Botswana is not using diamonds to kill elephants as alleged by some conservationists after the southern African country announced plans to lift a ban on elephant hunting to address growing conflict between humans and wildlife, a government official has said.

Minister of mineral resources, Green technology and energy security Eric Molale told a mining conference in Gaborone on Monday that the activists were tarnishing the image of Botswana. “That’s hogwash because we as Botswana are [good] conservationists and it is us who worked hard to make sure these elephants [are] brought to the numbers that we do have now,” he said.

“When conflicts arise, it is through consultation, [that we] find out how we can best manage our resources. The people have spoken and we are going to be managing the elephants in the best way that we can.

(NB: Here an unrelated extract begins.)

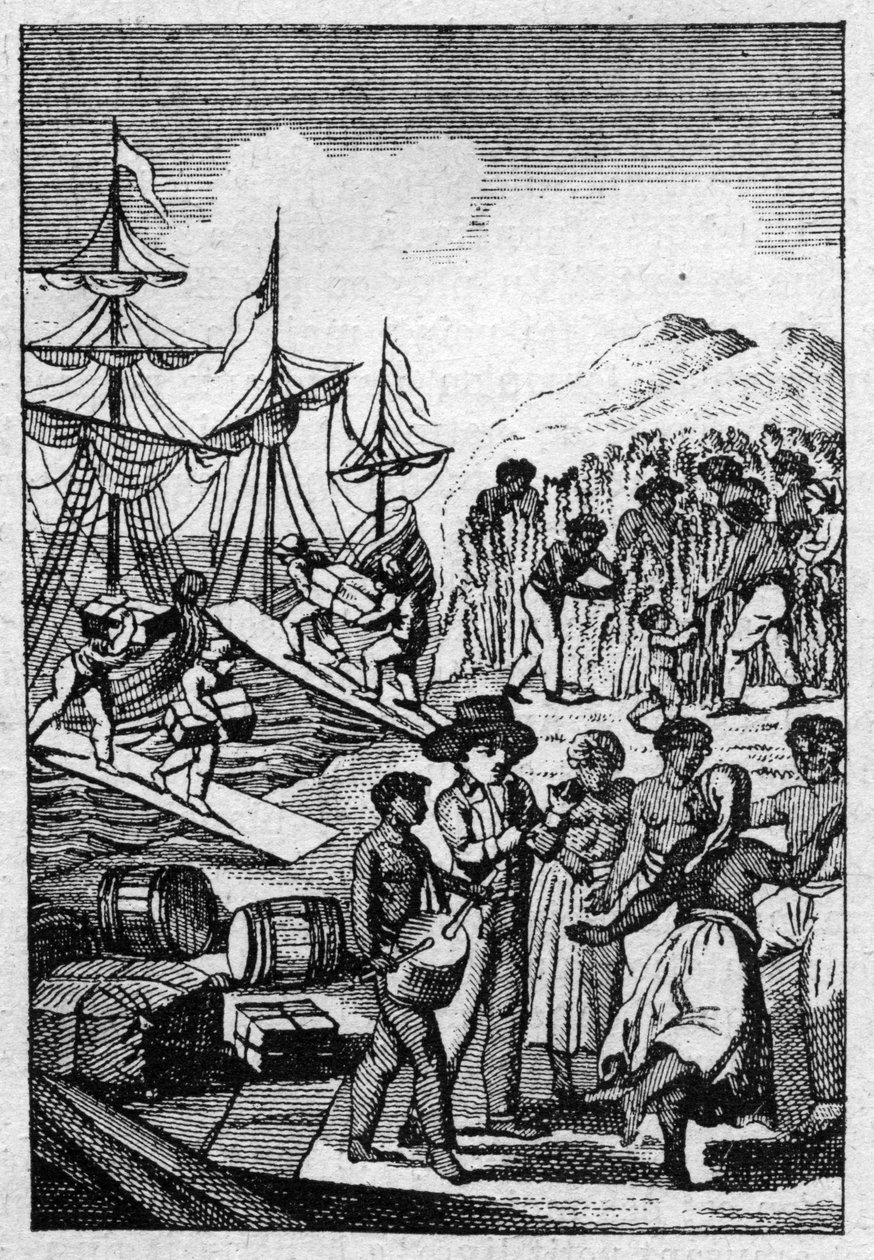 Frontispiece for a Popular Edition of "Voyage from Paris to Saint-Cloud" by Artist Unknown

“We are not culling, we have re-introduced the trophy hunting and if you take 400 elephants per annum for trophy hunting against the 3-5% annual growth rate of the elephant herd that we have…[we are] just barely scratching on the surface.”

Botswana has about 130 000 elephants, the world’s largest population.Molale said Botswana will remain focused on things that are beneficial to the country and will not be distracted by issues spread by people that are not even privy to how things are done in the country.

“We have, however, invited them to come and learn more about what we are doing so they can better understand those important aspects of flora and fauna…”The conflict between humans and elephants had gone up since the ban was introduced in 2014.

Tourism is the second source of foreign income in Botswana after diamonds and conservationists fear that the former will be affected is the government cull elephant.